In Bingham vs. Kearney, 136 Cal, 175, cited in Palanca vs. Quiros, 10 Phil., 360, the Court said:
"It is a rule, long recognized in this country, that a judgment between the same parties is conclusive, not only as to the subject-matter in controversy in the action upon which it is based but also in all other actions involving the same question, and upon all matters involved in the issues which might have been litigated and decided in the case, the presumption being that all such issues were met and decided. It is the policy of the law to put an end to litigation, and to aid the vigilant and not those who sleep upon their rights. It is not the policy of the law to allow a new and different suit between the same parties, concerning the same subject-matter, that has already been litigated; neither will the law allow the parties to trifle with the courts by piecemeal litigation."
On the strength of the above ruling, it is clear that "an adjudication is finally conclusive not only as to the matter actually determined, but as to every other matter which the parties might have litigated and have had decided incident to or essentially connected with the subject-matter of litigation, and every matter coming within the legitimate purview of the original action, both with respect to matter of claim and of defense" (2 Freeman on Judgments, Section 574).
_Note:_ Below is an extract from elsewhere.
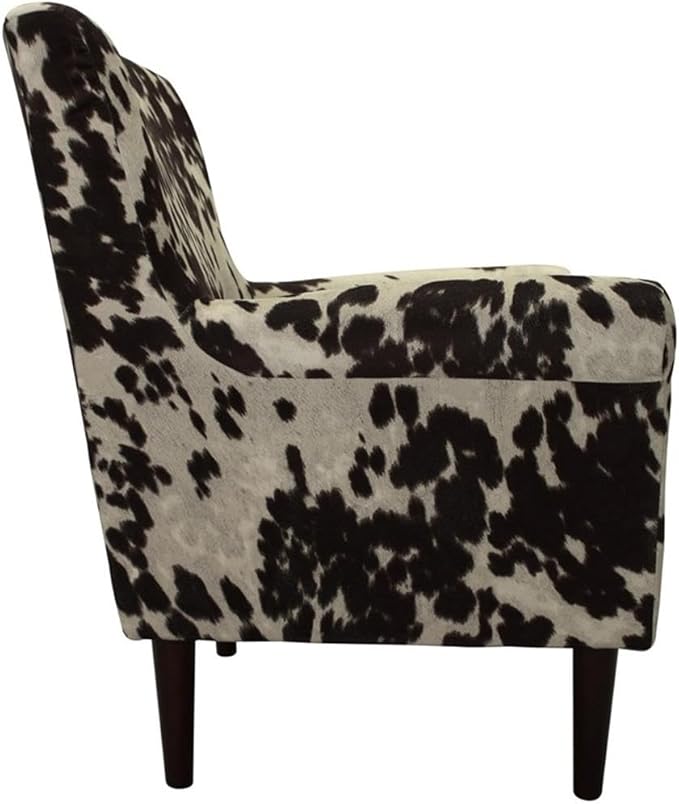 Pemberly Row Rolled Arm Lounge Chair 35 H x 28 W x 30 D Fabric Cowprint Design Cowhide Brown Finish Contemporary Accent Chair for Living Room or Bedroom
The purpose of this ruling is to avoid multiplicity of actions.
Wherefore, the order appealed from is affirmed, with costs against appellant.Paras, C. J., Bengzon, Padilla, Montemayor, Labrador, Concepcion, Reyes, J. B. L., Endencia, Barrera, and Gutierrez David, JJ., concur.
 Miranda vs. Tiangco, et al., 66 Phil., 526; 61 Off. Gaz., (3) 1866; NAMARCO vs. Judge Macadaeg, 98 Phil., 185; 52. Off. Gaz., 182.